Thietmars Welt
Ein Merseburger Bischof schreibt Geschichte
Markus Cottin, Lisa Merkel
Thietmar von Merseburg (976–1018) ist der bedeutendste Chronist der Ottonen, denn er hat in faszinierender Weise die politischen, kulturellen, wirtschaftlichen und sozialen Entwicklungen dieser Zeit beschrieben. Ihre besondere Faszination bezieht seine Chronik aus dem Umstand, dass sie, wenn auch schwer beschädigt, als Originalhandschrift überliefert ist. Generationen von Historikern haben seit Jahrhunderten mit Thietmars Werk gearbeitet und immer wieder neue Aspekte entdecken können.
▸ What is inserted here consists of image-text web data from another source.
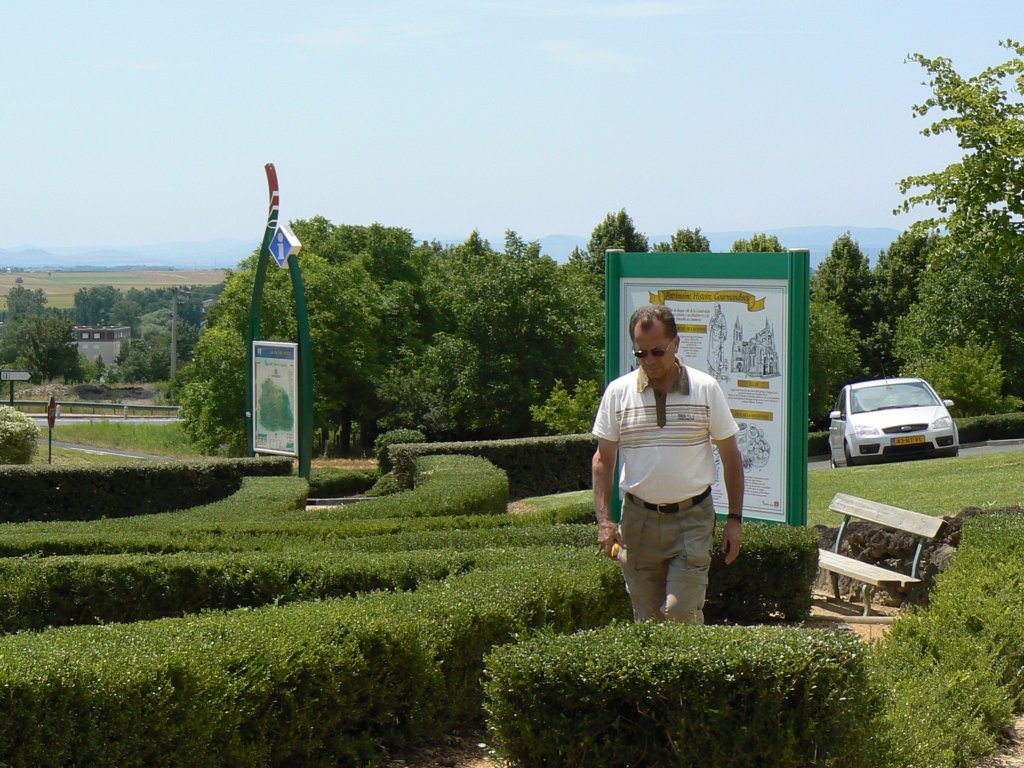 aigueperselunchstop2.jpg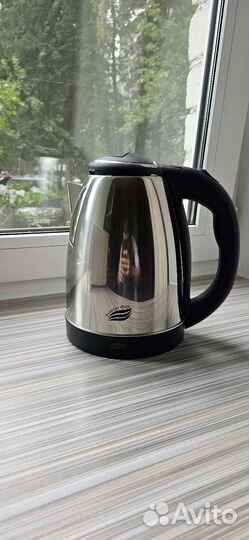 Чайник электрический бу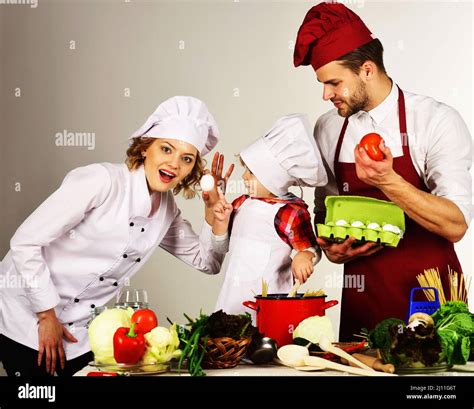 Feliz Familia En La Cocina Lindo Ni O Y Padres En Sombrero De Chef La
Vor dem geistigen Auge des Chroniklesers entsteht die Welt vor 1000 Jahren mit den ottonischen Herrschern, die die Geschicke des Reiches prägten. Das christliche Europa formte sich aus und integrierte verschiedene Stämme und Völker auf dem ganzen Kontinent. Von den königlichen Hoftagen über die Gründung der Slawenbistümer und zahlreicher Klöster und Stifte bis hin zu alltäglichen Begebenheiten wie Wettererscheinungen, Missgeburten oder dem Untergang eines Schiffes lässt uns Thietmar von Merseburg an seiner Lebenswelt teilhaben. Dazu gehören auch Traumgesichter sowie Teufels- und Totenerscheinungen, die das Wirken Gottes, aber auch dunkler Mächte im diesseitigen Leben belegen. All dies wird überspannt von der Kraft der Memoria, der Erinnerung an die Verstorbenen und der Fürbitte der Lebenden für diese.